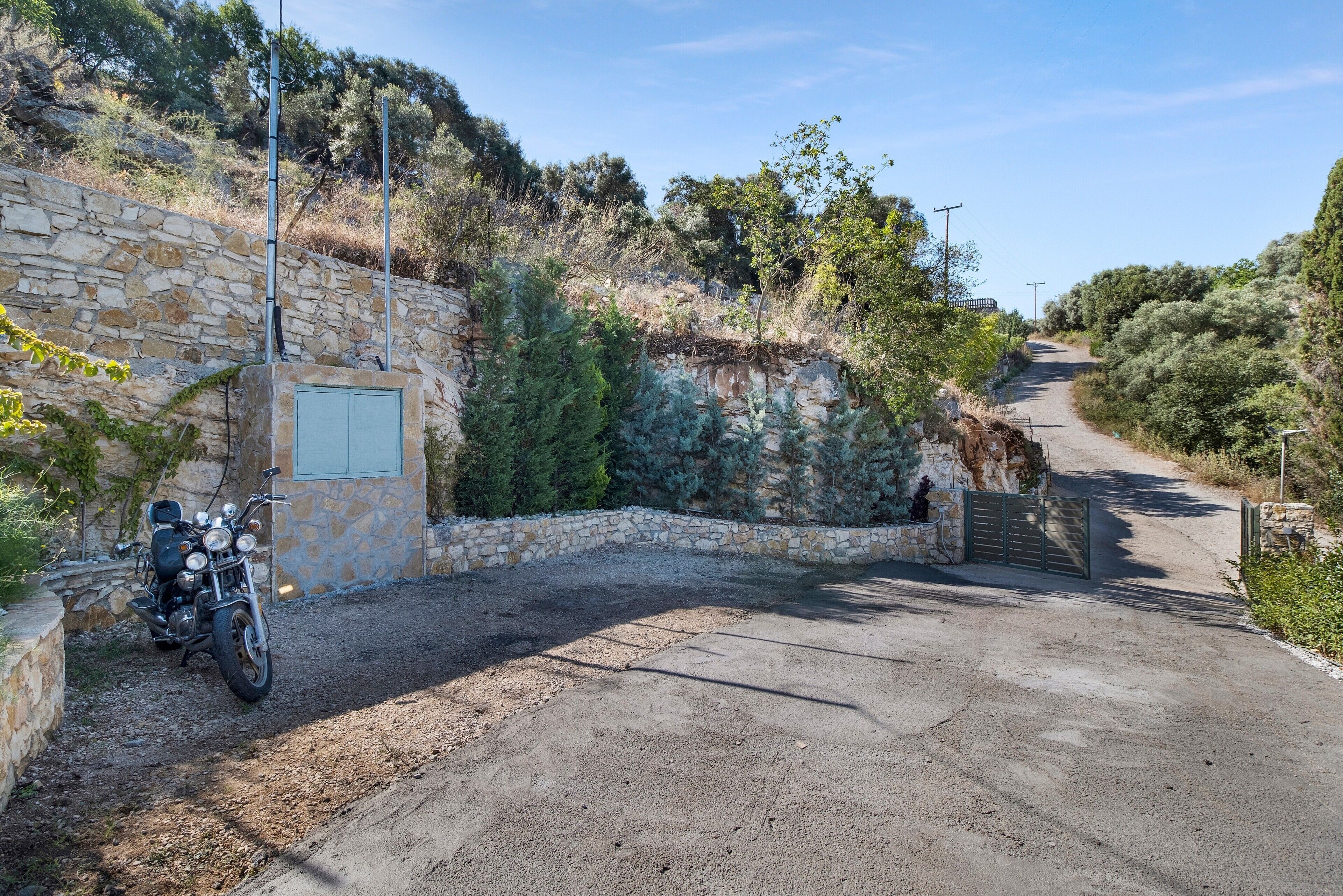 A paved driveway leading to a stone wall with a motorcycle parked on the left.
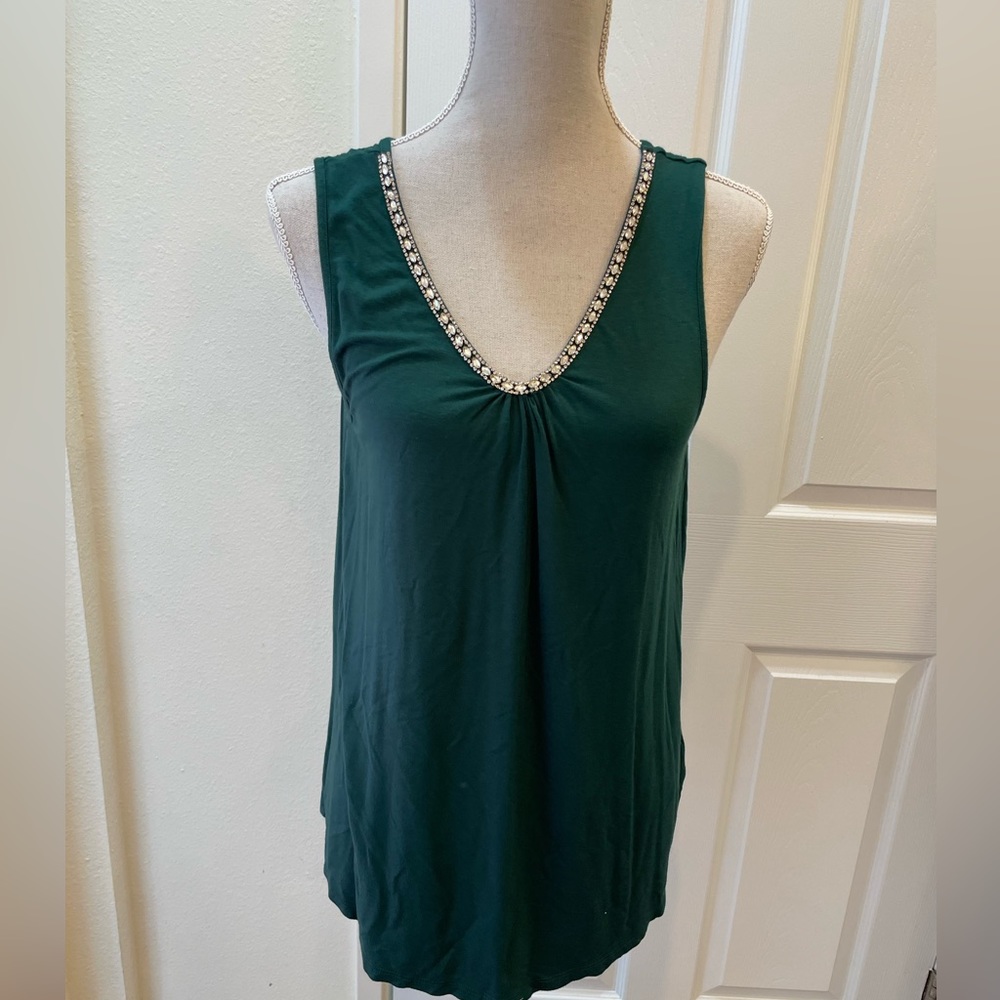 Emerald green knit tank top with rich rhinestone detail along V neck neckline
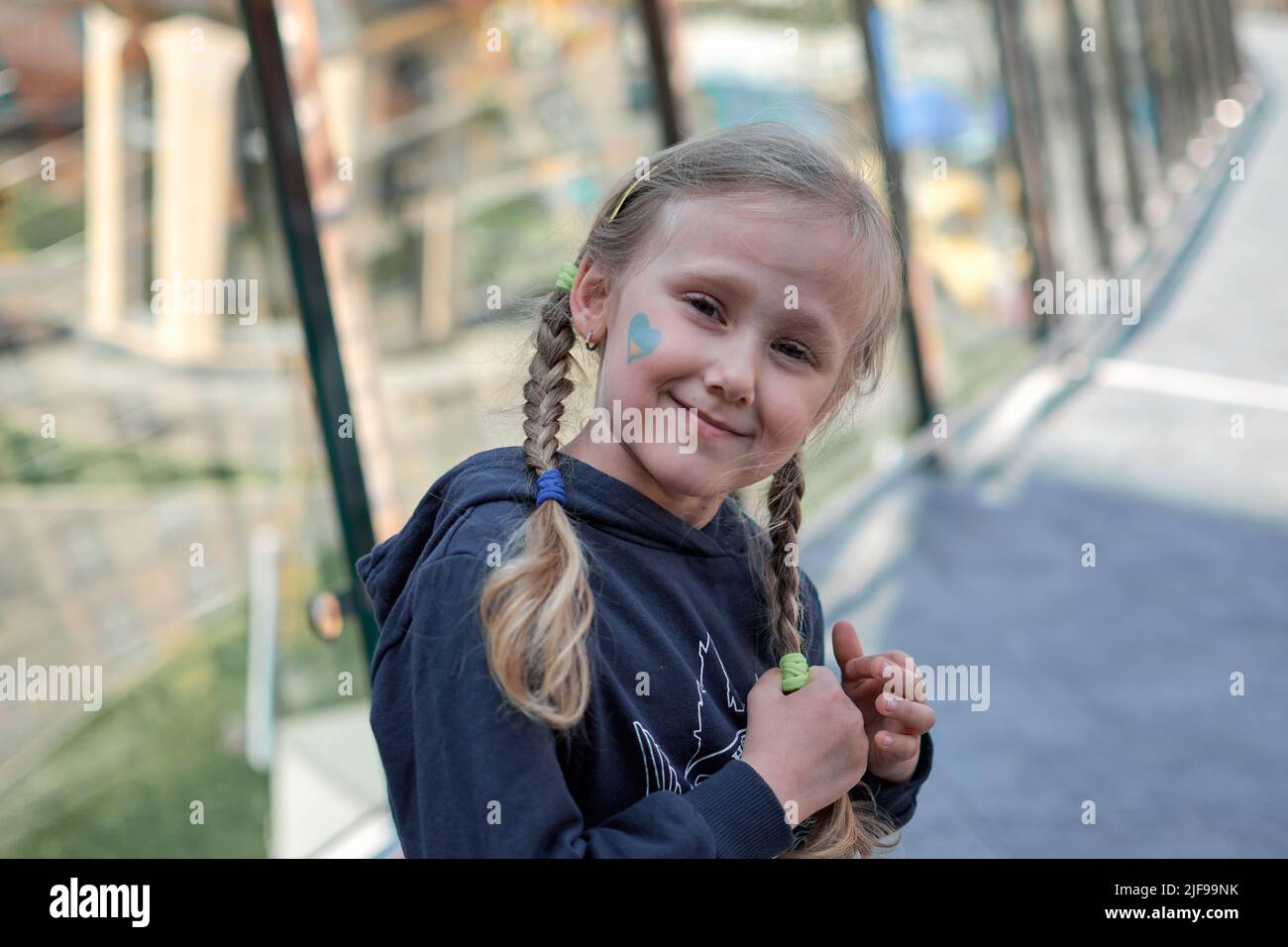 Mädchen mit gemalter Ukraine Flagge gelb und blau. Beendet den Krieg und die Macht der Ukraine, den Patriotismus. Kinder unterstützen die Ukraine. Kein Krieg. Betet für die Ukraine. Stockfoto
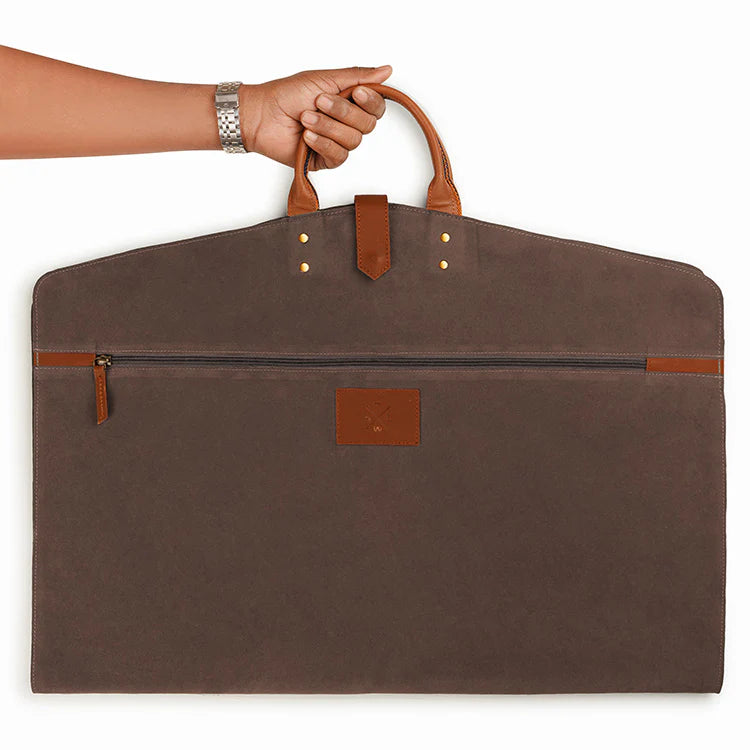 Brown garment bag with leather handles and trim, held by a hand on a white background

• INSTRUCTIONS FOR THE TASK: When a picture appears in the material, please pass over it while retyping the rest exactly.

• RESPONSE:
 A paved driveway leading to a stone wall with a motorcycle parked on the left.
 Emerald green knit tank top with rich rhinestone detail along V neck neckline
 Mädchen mit gemalter Ukraine Flagge gelb und blau. Beendet den Krieg und die Macht der Ukraine, den Patriotismus. Kinder unterstützen die Ukraine. Kein Krieg. Betet für die Ukraine. Stockfoto
 Brown garment bag with leather handles and trim, held by a hand on a white background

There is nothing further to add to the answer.